Un gilet jaune obtient le micro. Il incrimine les médias sur le traitement qu’ils font des manifestations, sur la question de la violence. Son indignation va étrangler sa voix ; il doit s’interrompre un moment. L’Estrade : « Calmez-vous monsieur, vous reprendrez après ». Un spectateur : « Se calmer ? Mais il n’est pas énervé. Il est ému ».

Un étudiant en journalisme, précisant prudemment qu’il parle sous l’œil du directeur de l’école : « Cette méfiance envers les médias, cette hostilité, depuis quand existe-t-elle, quand est-ce que ça a buggé ? ». Réponses baratins : réseaux sociaux, manque d’éducation du public, défaut de pédagogie.

On est en plein dans le péché-mignon du macronisme. Si ça ne va pas, si on ne nous aime pas, c’est qu’on s’est mal expliqués, c’est (implicitement) parce que les gens ne sont pas formés à lire une information, une photo, une vidéo.
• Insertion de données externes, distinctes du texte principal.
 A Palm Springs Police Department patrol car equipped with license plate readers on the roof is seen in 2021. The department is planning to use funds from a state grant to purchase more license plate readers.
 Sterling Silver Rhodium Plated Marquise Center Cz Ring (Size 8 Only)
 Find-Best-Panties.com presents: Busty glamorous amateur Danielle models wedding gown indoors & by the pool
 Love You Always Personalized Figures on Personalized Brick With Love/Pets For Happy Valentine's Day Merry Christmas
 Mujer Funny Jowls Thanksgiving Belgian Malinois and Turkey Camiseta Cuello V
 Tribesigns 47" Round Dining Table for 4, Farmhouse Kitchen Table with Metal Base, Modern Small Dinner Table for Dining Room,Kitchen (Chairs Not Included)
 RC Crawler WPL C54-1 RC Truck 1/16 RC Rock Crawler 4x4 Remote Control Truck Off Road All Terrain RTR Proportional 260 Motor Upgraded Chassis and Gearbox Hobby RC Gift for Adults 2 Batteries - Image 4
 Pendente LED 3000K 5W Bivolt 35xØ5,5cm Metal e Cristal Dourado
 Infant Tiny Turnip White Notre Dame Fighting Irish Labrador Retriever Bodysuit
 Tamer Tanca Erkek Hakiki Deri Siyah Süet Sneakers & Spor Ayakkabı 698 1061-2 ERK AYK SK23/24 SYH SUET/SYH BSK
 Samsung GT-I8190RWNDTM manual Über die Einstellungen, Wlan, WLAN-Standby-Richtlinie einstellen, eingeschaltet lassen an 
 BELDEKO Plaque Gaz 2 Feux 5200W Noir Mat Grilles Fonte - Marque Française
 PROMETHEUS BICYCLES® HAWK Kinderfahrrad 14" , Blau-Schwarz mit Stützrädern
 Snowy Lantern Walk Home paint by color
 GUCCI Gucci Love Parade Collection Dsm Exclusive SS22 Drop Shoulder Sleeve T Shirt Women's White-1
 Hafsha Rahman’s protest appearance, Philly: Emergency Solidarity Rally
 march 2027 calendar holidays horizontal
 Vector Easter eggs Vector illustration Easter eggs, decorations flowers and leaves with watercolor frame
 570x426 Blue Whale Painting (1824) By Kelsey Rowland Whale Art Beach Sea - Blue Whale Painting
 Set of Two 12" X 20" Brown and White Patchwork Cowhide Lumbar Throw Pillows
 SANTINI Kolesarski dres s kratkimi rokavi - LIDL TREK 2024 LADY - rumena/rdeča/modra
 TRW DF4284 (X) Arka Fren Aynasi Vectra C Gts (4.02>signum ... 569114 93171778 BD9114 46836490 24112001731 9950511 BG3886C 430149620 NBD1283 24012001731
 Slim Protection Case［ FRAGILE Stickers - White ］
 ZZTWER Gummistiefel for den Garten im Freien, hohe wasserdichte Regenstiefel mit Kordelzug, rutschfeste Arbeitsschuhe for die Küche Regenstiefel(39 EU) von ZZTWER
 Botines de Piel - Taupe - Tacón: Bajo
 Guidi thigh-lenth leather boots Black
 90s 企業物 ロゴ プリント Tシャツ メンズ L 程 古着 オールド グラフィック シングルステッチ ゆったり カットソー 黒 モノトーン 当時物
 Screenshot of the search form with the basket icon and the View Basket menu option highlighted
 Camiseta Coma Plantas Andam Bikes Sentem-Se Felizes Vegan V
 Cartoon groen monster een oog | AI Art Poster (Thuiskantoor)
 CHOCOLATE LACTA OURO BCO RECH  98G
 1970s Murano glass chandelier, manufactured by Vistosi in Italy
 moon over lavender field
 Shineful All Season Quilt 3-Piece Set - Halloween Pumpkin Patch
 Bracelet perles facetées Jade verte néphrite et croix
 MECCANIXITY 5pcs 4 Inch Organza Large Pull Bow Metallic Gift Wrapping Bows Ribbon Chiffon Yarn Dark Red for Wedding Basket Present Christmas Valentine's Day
Et voici que dégringole le cours magistral sur les vidéos diffusées par des réseaux sociaux qui ne sont pas fiables parce qu’on n’a pas vu ce qu’il y avait avant et ce qu’il y avait après. Combien sont-ils dans la salle, à savoir que la troncature des vidéos et des textes est une spécialité des médias mainstream ? Et nous allons en donner plus bas un exemple à charge contre un journaliste de l’Estrade.

Revenons aux gilets jaunes présents dans la salle. Approuvés par une partie des invités, ils s’insurgent contre les violences policières à Toulouse, les gazages systématiques et les comptes-rendus des médias. Un journaliste toulousain de l’Estrade : « Blabla, gentils gilets jaunes pacifiques, mais il y a les casseurs. Quand explosent les grenades, on ne sait pas qui a commencé » (c’est comme les vidéos, quoi !). Remous dans la salle, des exemples de gazage sans raison sont donnés. Sous prétexte du doute, le journaliste toulousain persiste à absoudre les forces de police. Or, s’il exerce à Toulouse, comment peut-il ignorer cette blague qui court chez les gilets jaunes, tous les samedis aux premiers tirs de grenades : « Ah, il est 16h30 ! ». Comment n’a-t-il jamais vu les CRS foncer dans un cortège pour le scinder, à grands renforts de grenades ? Comment n’a-t-il jamais vu les CRS tirer au lance-grenade d’une rive du canal à l’autre, sur les petits groupes ne sachant plus où fuir ?

L’Estrade fait face, fait bloc, fait clan, fait caste. Elle contre -attaque, comme sur un plateau de BFMTV.
Dans le brouhaha, on entend « Et la Palestine, pourquoi ne parlez-vous jamais ou si peu de la violence en Palestine ».
L’Estrade ne répond pas aux cris des invités sans micro. Palestine ? Circulez…
L’Estrade trouve quand même le moyen d’évoquer au passage le Venezuela (mais surtout pas l’Arabie Saoudite).
L’Estrade parle de l’objectivité des médias, ce leurre, alors que ce qui est attendu, c’est la vérité, l’honnêteté.

Le débat annoncé dans la salle n’a pas eu lieu. Le débat entre elle et l’Estrade a été truqué, chaque interrogateur recevant quasi systématiquement de longues leçons en guise de réponses, par plusieurs interpellés. Le déséquilibre était flagrant entre les « sachants » et les « apprenants ».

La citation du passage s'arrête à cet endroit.